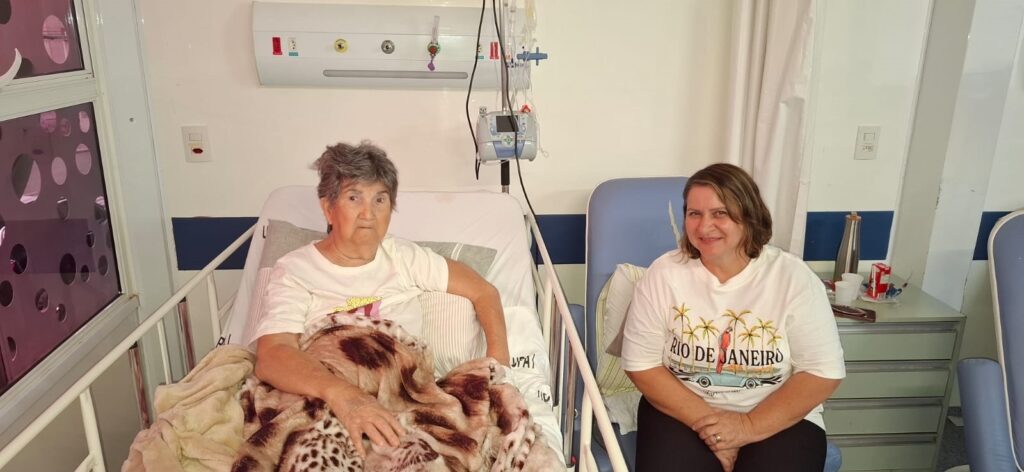 A imagem mostra duas mulheres em um quarto de hospital. Uma mulher mais velha está sentada na cama do hospital, coberta com um cobertor. Ela tem cabelos curtos e grisalhos e está usando uma camiseta branca. Ao lado dela, sentada em uma cadeira, está uma mulher mais jovem com cabelos castanhos. Ela também está usando uma camiseta branca, esta com uma estampa de "Rio de Janeiro" com palmeiras e um carro vintage. O quarto de hospital tem equipamentos médicos visíveis, como um suporte de soro, e uma janela com um padrão circular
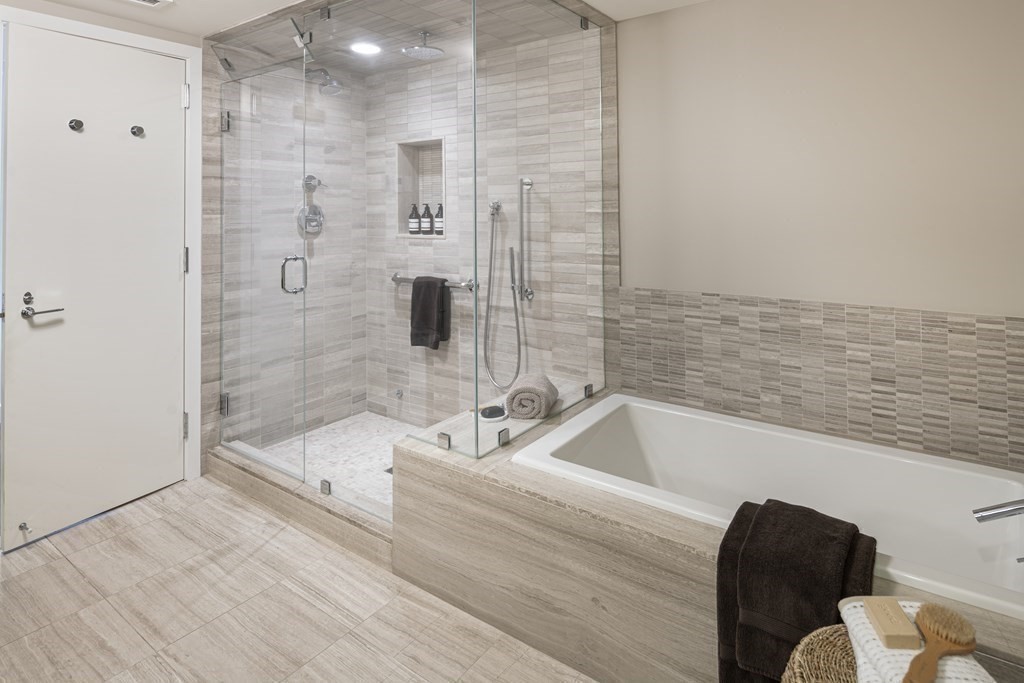 10 Rowes Wharf, Unit PH4 Boston, MA 02110 - Photo 32 of 41 a bathroom with a bathtub and a shower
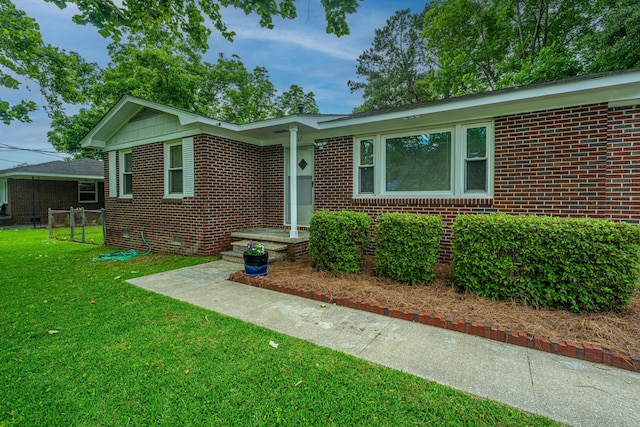 2567 Mona Ave, Charleston, SC 29414 - single story home with brick siding and crawl space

- - -

▸ **What this task involves**: Reproduce the material word for word. Any pictures should be left out of the copy.

▸ **Response below**:
 A imagem mostra duas mulheres em um quarto de hospital. Uma mulher mais velha está sentada na cama do hospital, coberta com um cobertor. Ela tem cabelos curtos e grisalhos e está usando uma camiseta branca. Ao lado dela, sentada em uma cadeira, está uma mulher mais jovem com cabelos castanhos. Ela também está usando uma camiseta branca, esta com uma estampa de "Rio de Janeiro" com palmeiras e um carro vintage. O quarto de hospital tem equipamentos médicos visíveis, como um suporte de soro, e uma janela com um padrão circular
 10 Rowes Wharf, Unit PH4 Boston, MA 02110 - Photo 32 of 41 a bathroom with a bathtub and a shower
 2567 Mona Ave, Charleston, SC 29414 - single story home with brick siding and crawl space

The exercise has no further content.